Ese “perder el tiempo”, al cual el protagonista alude reiteradamente a lo largo del film, es uno de los aspectos que le da vuelo a una película que podría haberse convertido en un panfleto político contra la injusticia social en la Inglaterra de David Cameron. El tedio al que se somete a Daniel tiene una fuerte cuota de comedia absurda que genera tanta risa como impaciencia.

Pero se trata de un tedio que sólo atraviesan los personajes, porque en la película pasa de todo: Yo, Daniel Blake se ocupa del espectador y le ofrece un rico abanico de grandes escenas. Párrafo aparte merece Katie (Hayley Squires), madre soltera de dos hijos con la cual Daniel traba amistad. Es Katie quien encarna la mayor cantidad de las situaciones “de trazo grueso”. Una en concreto ocurre en una banco de comida para pobres: en mitad del recorrido por las góndolas, Katie abre una lata de conservas y se come su contenido con desesperación, después de días de pasar hambre para alimentar a sus hijos. La puesta en escena de este momento ultrajante, patético, de una profunda amargura, tiene un impacto demoledor. De pronto la película ingresa en el terreno del neorrealismo italiano, de Los 400 golpes, de ese cine de denuncia furibunda contra la anulación del hombre. No en vano dice Ken Loach que Ladrón de bicicletas es una de las películas que lo motivó a hacer cine.
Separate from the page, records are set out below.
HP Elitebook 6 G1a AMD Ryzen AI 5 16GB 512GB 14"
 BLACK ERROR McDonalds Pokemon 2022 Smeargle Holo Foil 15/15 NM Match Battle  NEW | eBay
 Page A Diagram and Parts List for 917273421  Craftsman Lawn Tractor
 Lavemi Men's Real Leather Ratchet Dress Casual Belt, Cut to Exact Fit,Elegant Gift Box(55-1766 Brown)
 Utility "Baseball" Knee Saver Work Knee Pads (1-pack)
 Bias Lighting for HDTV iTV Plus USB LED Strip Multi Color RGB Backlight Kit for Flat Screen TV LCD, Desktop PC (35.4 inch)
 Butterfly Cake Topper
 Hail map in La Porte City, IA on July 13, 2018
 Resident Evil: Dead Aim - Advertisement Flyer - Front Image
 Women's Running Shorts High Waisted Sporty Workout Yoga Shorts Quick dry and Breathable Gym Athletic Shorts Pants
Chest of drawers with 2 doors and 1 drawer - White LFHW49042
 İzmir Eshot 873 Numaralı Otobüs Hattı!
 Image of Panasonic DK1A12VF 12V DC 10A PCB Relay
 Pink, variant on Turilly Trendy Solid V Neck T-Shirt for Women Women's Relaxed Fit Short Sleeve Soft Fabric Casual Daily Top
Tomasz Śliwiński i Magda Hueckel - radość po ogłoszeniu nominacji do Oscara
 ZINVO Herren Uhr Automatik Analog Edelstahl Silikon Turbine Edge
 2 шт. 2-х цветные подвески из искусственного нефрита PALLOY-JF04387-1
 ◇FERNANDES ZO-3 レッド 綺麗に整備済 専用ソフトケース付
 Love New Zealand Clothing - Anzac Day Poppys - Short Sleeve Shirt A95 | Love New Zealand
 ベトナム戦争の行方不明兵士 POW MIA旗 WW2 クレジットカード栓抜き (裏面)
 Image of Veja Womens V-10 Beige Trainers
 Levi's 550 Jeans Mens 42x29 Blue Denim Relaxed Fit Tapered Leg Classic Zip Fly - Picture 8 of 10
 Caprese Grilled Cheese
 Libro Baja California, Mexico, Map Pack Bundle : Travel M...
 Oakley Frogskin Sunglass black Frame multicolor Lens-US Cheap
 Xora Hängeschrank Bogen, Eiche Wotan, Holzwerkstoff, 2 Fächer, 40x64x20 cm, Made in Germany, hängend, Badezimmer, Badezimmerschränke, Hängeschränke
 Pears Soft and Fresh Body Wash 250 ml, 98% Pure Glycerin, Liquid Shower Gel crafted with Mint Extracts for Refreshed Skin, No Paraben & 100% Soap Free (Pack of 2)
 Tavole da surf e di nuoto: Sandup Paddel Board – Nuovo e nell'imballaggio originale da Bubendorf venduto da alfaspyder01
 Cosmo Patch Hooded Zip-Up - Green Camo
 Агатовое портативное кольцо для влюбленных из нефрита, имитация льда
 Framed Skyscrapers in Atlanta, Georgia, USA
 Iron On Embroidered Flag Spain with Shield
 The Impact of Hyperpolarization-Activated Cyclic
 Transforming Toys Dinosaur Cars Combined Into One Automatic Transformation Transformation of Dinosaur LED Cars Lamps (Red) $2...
Yo, Daniel Blake es una película de denuncia como solo el cine social europeo puede ofrecer: conmueve sin reparos, está determinada a que el espectador sienta. Ingresa repetidas veces en el terreno panfletario tan temido, sobre todo en su tramo final. Pero su desapego de toda pretenciosidad le permite continuarse en la mente (y la acción) del espectador, en una fábula de alarmante actualidad y relevancia.